The Bureau of Labor Statistics released a consumer expenditure survey that showed how much various income groups spent on gasoline and food – two thing which are at the mercy of environmental limits.
Escalating inflation due to peak oil induced price rises are combining with the effects of climate change to send gasoline and food costs spiraling upward.
The study showed that groups that spent more than 20% of their income on gas and food were very vulnerable to continued price increases.
In Lexington, that amounts to nearly 50% of all households, an astonishing number of which are spending 20% or more of their income on gas and food. See chart below for the breakdown of household incomes according to the Census.
This is important as these households could see a decline in diet and nutrition as well as the ability to simply get to work, as Lextran does not completely cover the city in a meaningful way, nor are we as bike and pedestrian friendly as we need to be. Further, rising food prices will put added demand on food assistance programs. At the same time the costs of food assistance will rise and donations and government funding may falter as a result of a broader economic downturn. Housing affordability will become an even larger concern.

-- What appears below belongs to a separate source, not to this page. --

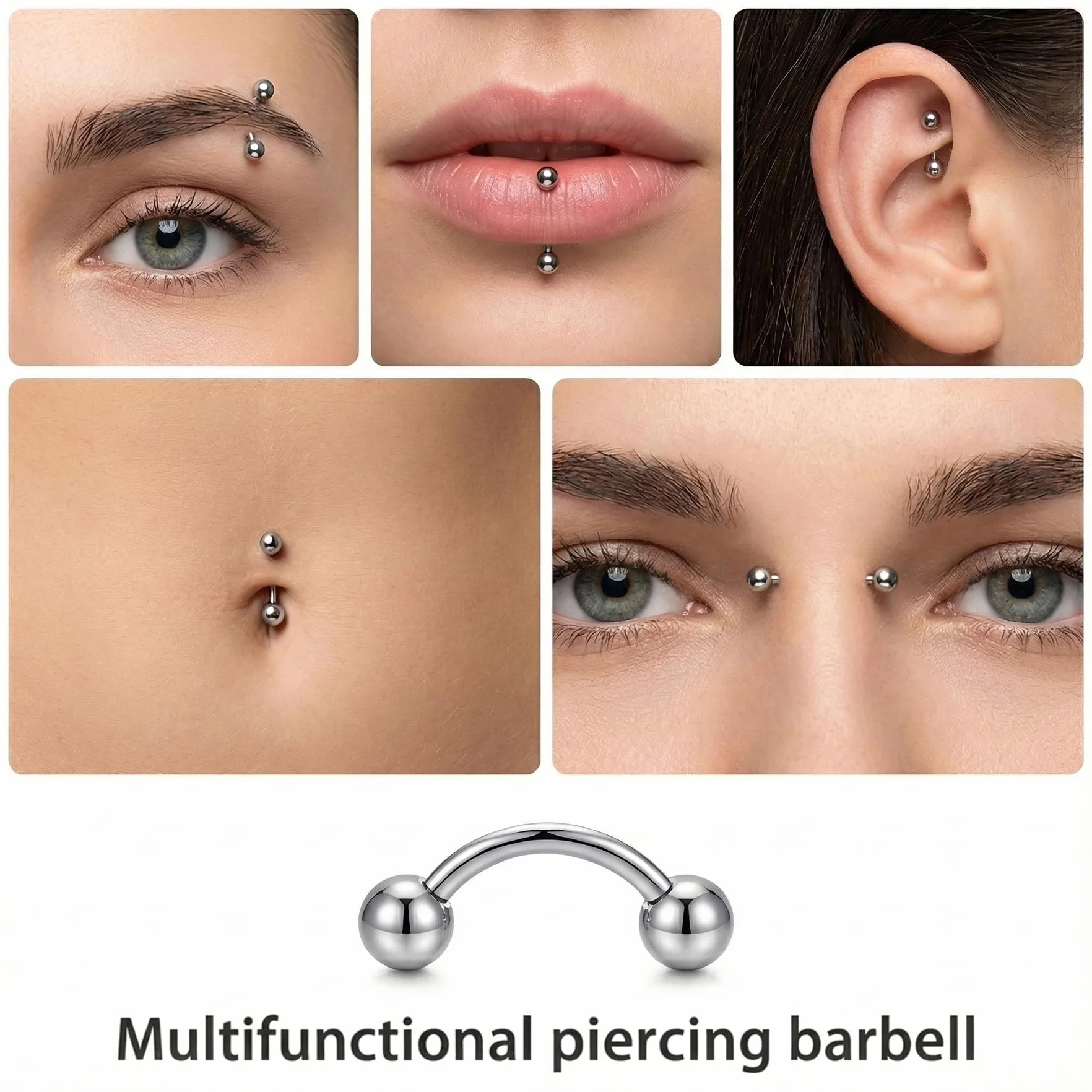 Funseedrr 316L Stal chirurgiczna Zakrzywiony pręt Piercing wygięty wewnętrznie (1,6 2 2,5 3 4 5 6 8 10mm), Stal nierdzewna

Our city must put the needs of these households first. Our plans must provide for more access to local food, transit, and bike and pedestrian infrastructure. We must work to ensure access to affordable housing across the city.
The only way that this inflation could be stopped is if the economy falls back into recession – but even then the same remedies will apply. (I’m not sure that the stagflation genie can be put back in the bottle in any event.)
We as a city cannot simply tune out this huge number of people as they confront factors beyond their control. We must come together as a community to realistically admit the challenges we are facing and the fact that they won’t “blow over soon.”